FINANCE Watch
コラム 瓦版一気読み~流用した機密費の出所は?

  情報は時とともに劣化する・・・

  【1面トップ】
  ●周回遅れのサバイバル
  日本国内には1万1,000もの旅行会社があり、“口銭”稼ぎにしのぎを削っている。

  もともと過剰状態なのだから、当然のことながら競争は厳しい。おまけに格安ツアーを売り物にした新興勢力が台頭。さらには、航空会社のチケット発券手数料の引き下げやネット直販の普及などで収益環境はますます悪化している。

  合従連衡の気運も高まらず、どうやって共倒れを防ぐのかと思っていたら、業界2位の近畿日本ツーリスト(9726)と第3位の日本旅行がようやく合併で合意。きょう正式発表、と日経が報じている。

  同様の記事は読売にも掲載(準トップ)されており、こちらの方は、JR西日本系のTiS(第11位)を加えた3社が「2段階で3社合併することで最終合意した」と報じている。ともあれ、他業界に比べ出遅れた分だけ再編の速度は、・・・速まるだろう。

  ◇“真っ当”な経済記事を最初に紹介したのは、当サイトが経済ニュースを中心とするサイトだから。読者の目下の最大関心事は、何と言っても公金ネコババ事件だろう。

  領収証不要の外交機密費(外務省報償費)を個人口座で管理、私腹を肥やしていたとされる外務省幹部の「外交機密費流用疑惑」の続報が、読売と毎日の1面トップに掲載されている。

  注目すべきは、毎日の記事。

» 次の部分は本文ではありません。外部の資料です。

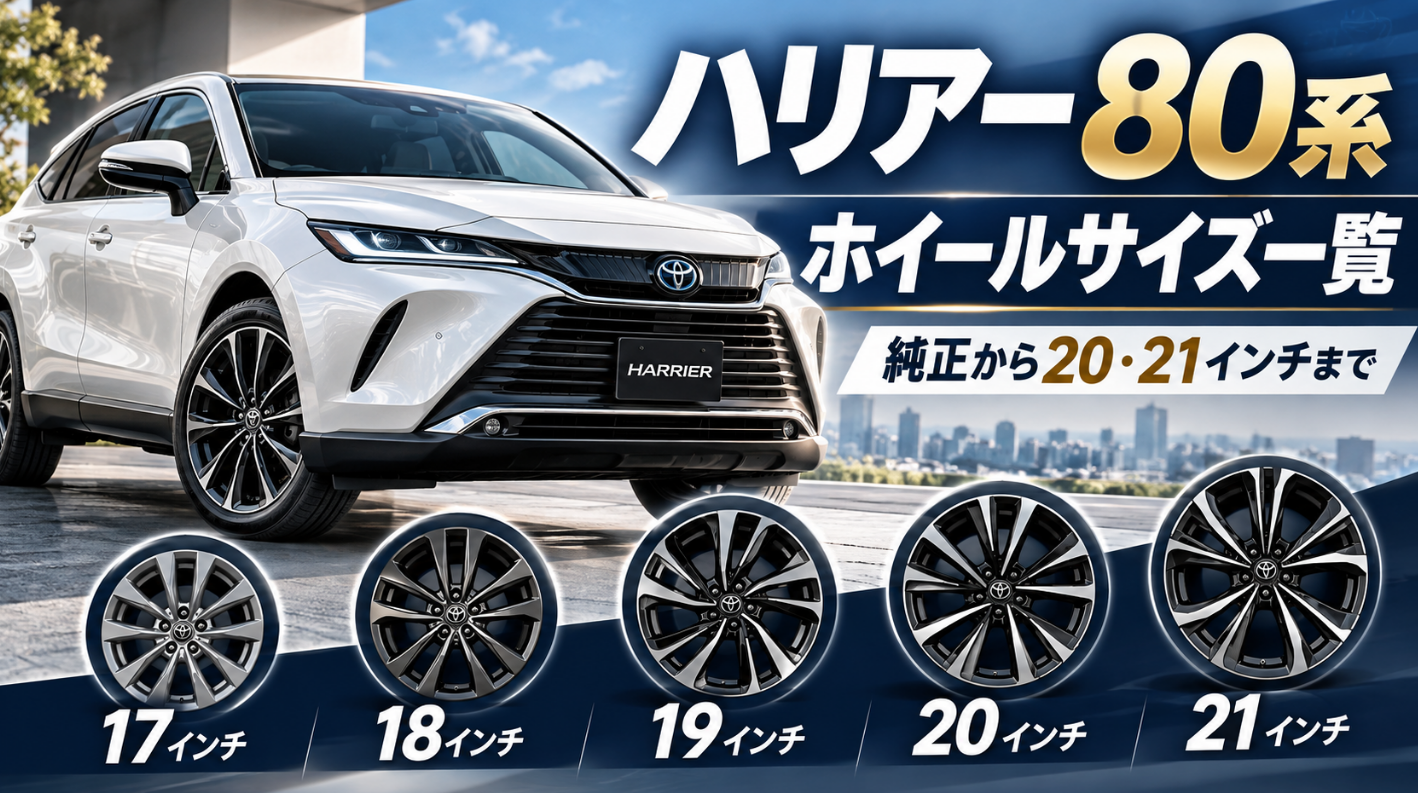 ハリアー80系ホイールサイズ一覧｜純正から20・21インチまで - CARIAL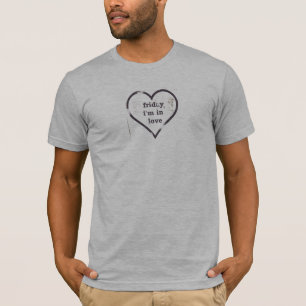 Vendredi je suis dans le T-shirt d'amour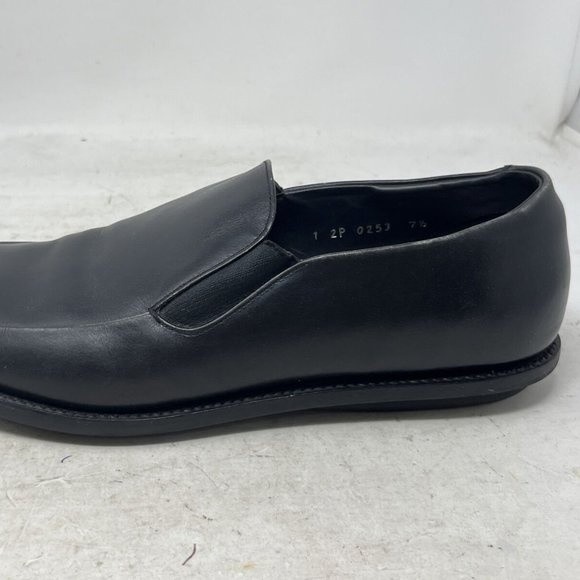 Prada Black Leather Loafers Men's 7.5 Slip On Prada Driving Shoes Drivers - Picture 4 of 10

外務省幹部の銀行口座に入っていた約4億円の公金のほぼ全額が、実は外交機密費ではなく、官房長官が金庫を管理する官房機密費(内閣官房報償費)だったというのだ。

  事実なら、ビックリ仰天。新聞記事の見出しも、今後は「外交機密費流用疑惑」から「官房機密費流用疑惑」に変えなければならない。

  くだんの幹部は官房機密費をどうやって懐に入れたのか。毎日によれば、「首相の外遊時に官邸を訪ねて費用を現金で受け取り、それを入金していた」。賄賂の授受のように、官房長官室で現ナマを受け渡していたというのだから、驚く。

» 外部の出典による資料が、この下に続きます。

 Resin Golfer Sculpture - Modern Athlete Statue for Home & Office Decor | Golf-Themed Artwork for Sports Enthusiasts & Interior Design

  外交機密費以上にタブー視されてきた官房機密費にまで問題が及ぶことになれば、事態の収拾は容易ではない。

  民主党が疑惑解明チームを設置、徹底追及の構えを見せているが、この外務省幹部が官房機密費を扱い出したのは1993年10月。ちなみに当時の政権は、民主党の面々も加わった細川連立政権で、官邸の金庫番である官房長官を務めていたのは同党の大御所、熊谷弘代議士だった。

  ◇朝日の1面トップは、KSD事件の続報。財団法人「ケーエスデー中小企業経営者福祉事業団」(KSD)から政界に渡った資金は、20億円を超えるという。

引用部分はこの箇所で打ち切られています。